Studi terbaru membandingkan dampak El Nino kuat pada 2014-2016 dan 2023-2024 terhadap permukaan laut global.

Penelitian yang diterbitkan dalam Journal of Geophysical Research: Oceans itu menemukan kedua peristiwa sama-sama menyebabkan kenaikan permukaan laut rata-rata global, tetapi mekanisme dan kecepatannya berbeda.
El Nino ditandai suhu permukaan laut yang lebih hangat dari normal di wilayah Pasifik tropis, terutama kawasan Niño 3.4.
Jika anomali suhu permukaan laut di wilayah itu positif, kondisi ini disebut El Nino. Sebaliknya, jika indeks menunjukkan angka negatif, maka kondisinya disebut La Nina.
Peneliti menemukan kenaikan permukaan laut selama dua peristiwa tersebut terutama didorong oleh perubahan jumlah air yang berpindah dari daratan menuju laut.
Dikutip dari Phys, ada dua proses utama yang memengaruhi perubahan permukaan laut.
Pertama, perubahan sterik, yakni perubahan volume air laut akibat perubahan suhu dan kepadatan.
Kedua, perubahan baristatik, yakni perubahan jumlah air di laut akibat perpindahan air dari daratan dan es menuju laut atau sebaliknya.
Data penelitian ini menggunakan pengamatan satelit dari Copernicus Marine and Environmental Monitoring Service serta data buoy Argo.

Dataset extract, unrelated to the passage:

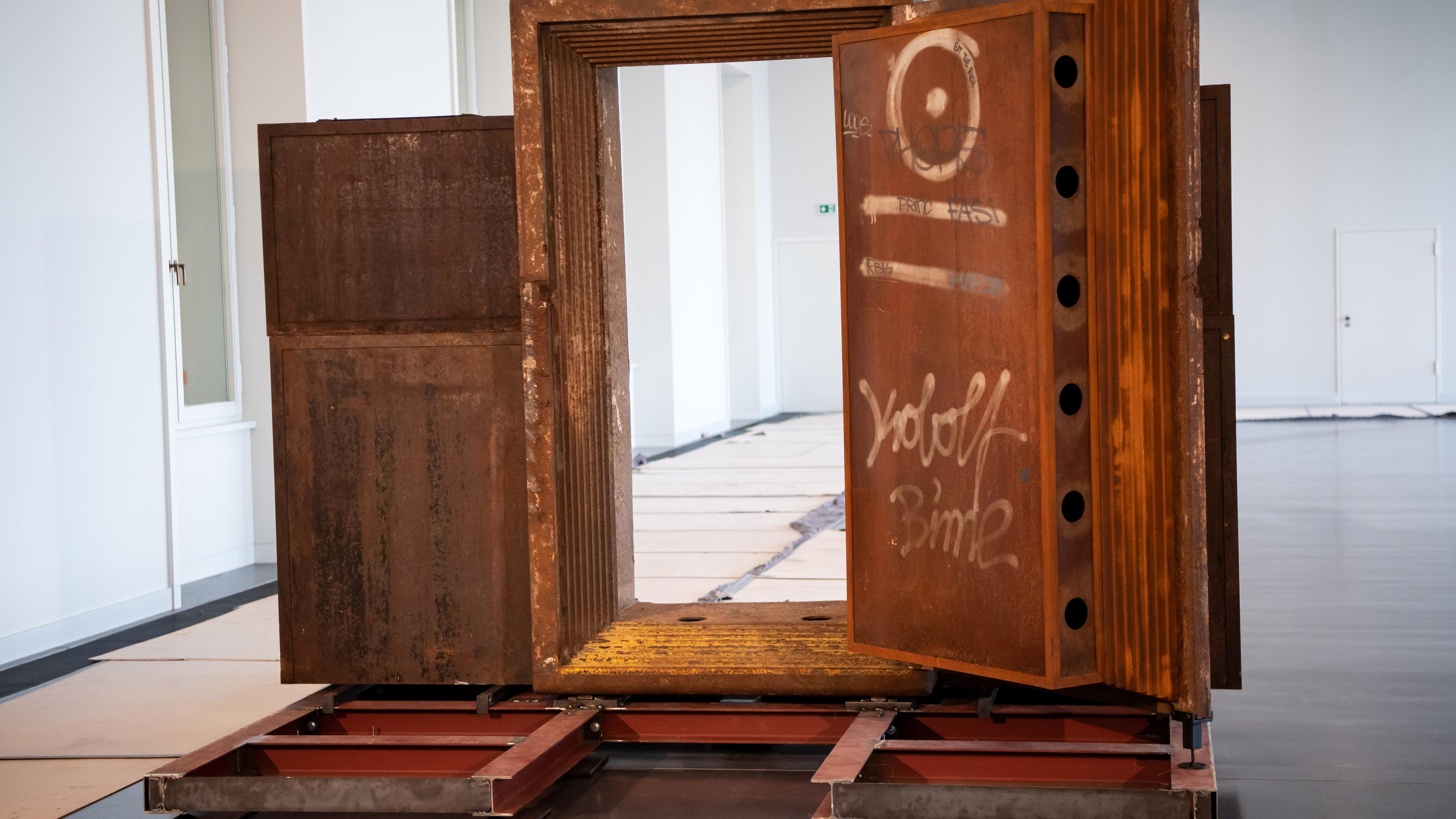 Archiv: Stahltür von Techno-Club "Tresor" zur Ausstellung im Humboldt-Forum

Pada fase perkembangan El Nino 2014-2016, permukaan laut rata-rata global naik sekitar 9,16 milimeter.
Sementara pada El Nino 2023-2024, kenaikannya mencapai sekitar 7,70 milimeter.
Meski angka total pada periode kedua lebih kecil, kenaikannya terjadi dalam waktu jauh lebih singkat sehingga lajunya lebih curam.
Pada 2014-2016, perubahan baristatik menyumbang sekitar 6,20 milimeter atau 68 persen dari total kenaikan. Sementara pada 2023-2024, kontribusinya mencapai sekitar 6,26 milimeter atau 81 persen.
Artinya, sebagian besar kenaikan permukaan laut pada kedua peristiwa El Nino tersebut berasal dari air daratan yang masuk ke laut.
Pada El Nino 2023-2024, kenaikan sterik juga lebih terkonsentrasi di Samudra Hindia. Peneliti mengaitkan kondisi itu dengan menghangatnya air laut serta terjadinya Indian Ocean Dipole (IOD) positif secara bersamaan dengan El Nino.
Studi tersebut menunjukkan perbedaan besar antara dua El Nino juga terlihat di Afrika dan Amerika Utara.
Afrika mengalami kehilangan air daratan yang besar pada 2014-2016, tetapi tidak pada 2023-2024.
Sementara Amerika Utara bergeser dari kontribusi baristatik positif kecil pada peristiwa pertama menjadi kontribusi negatif kuat pada peristiwa kedua.
Peneliti menyebut curah hujan menjadi faktor utama yang memengaruhi perubahan penyimpanan air di daratan. Pada 2023-2024, Amerika Selatan mengalami defisit hujan yang tajam.
Kondisi tersebut mempercepat aliran permukaan dari daratan ke laut dan meningkatkan perpindahan massa air ke samudra.
Lebih lanjut, El Nino telah terbentuk di Pasifik tropis pada 2026 dan diprediksi menguat. NOAA memperkirakan peluang sebesar 81 persen bahwa El Nino akan mencapai kategori sangat kuat pada Oktober-Desember 2026.
Kategori tersebut berarti anomali suhu permukaan laut di wilayah Niño 3.4 berada di atas 2 derajat Celsius. Jika kondisi itu terjadi, kenaikan permukaan laut global berpotensi berlangsung lebih cepat.
Suhu global yang sudah tinggi sejak awal tahun juga dapat meningkat lebih jauh pada akhir 2026. Kondisi ini dinilai berpeluang berkontribusi terhadap rekor baru suhu global.